▸ **Collected data entries**:
»»

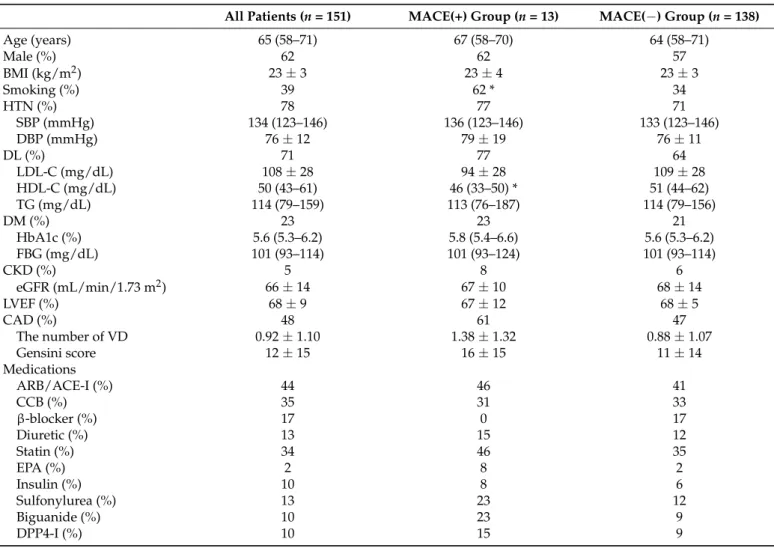 Table 1 shows the patient characteristics in all patients and in the MACE(+) and MACE( − ) groups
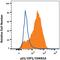 p21 antibody, MAB1047, R&D Systems, Flow Cytometry image 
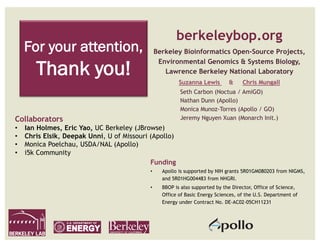 For your attention,
Thank you!
Berkeley Bioinformatics Open-Source Projects,
Environmental Genomics & Systems Biology,
Lawrence Berkeley National Laboratory
Funding
• Apollo is supported by NIH grants 5R01GM080203 from NIGMS,
and 5R01HG004483 from NHGRI.
• BBOP is also supported by the Director, Office of Science,
Office of Basic Energy Sciences, of the U.S. Department of
Energy under Contract No. DE-AC02-05CH11231
Collaborators
• Ian Holmes, Eric Yao, UC Berkeley (JBrowse)
• Chris Elsik, Deepak Unni, U of Missouri (Apollo)
• Monica Poelchau, USDA/NAL (Apollo)
• i5k Community
berkeleybop.org
UNIVERSITY OF
CALIFORNIA
Suzanna Lewis & Chris Mungall
Seth Carbon (Noctua / AmiGO)
Nathan Dunn (Apollo)
Monica Munoz-Torres (Apollo / GO)
Jeremy Nguyen Xuan (Monarch Init.)
 
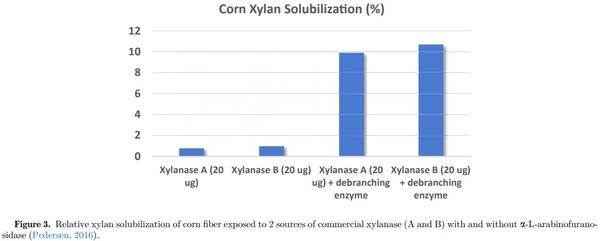 Debranching enzymes in corn/soybean meal–based poultry feeds: a review - Image 5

««

▸ **Problem to work on**: Copy every line from the records above that contains the word "Office".

▸ **Output for this task**:
• BBOP is also supported by the Director, Office of Science,
Office of Basic Energy Sciences, of the U.S. Department of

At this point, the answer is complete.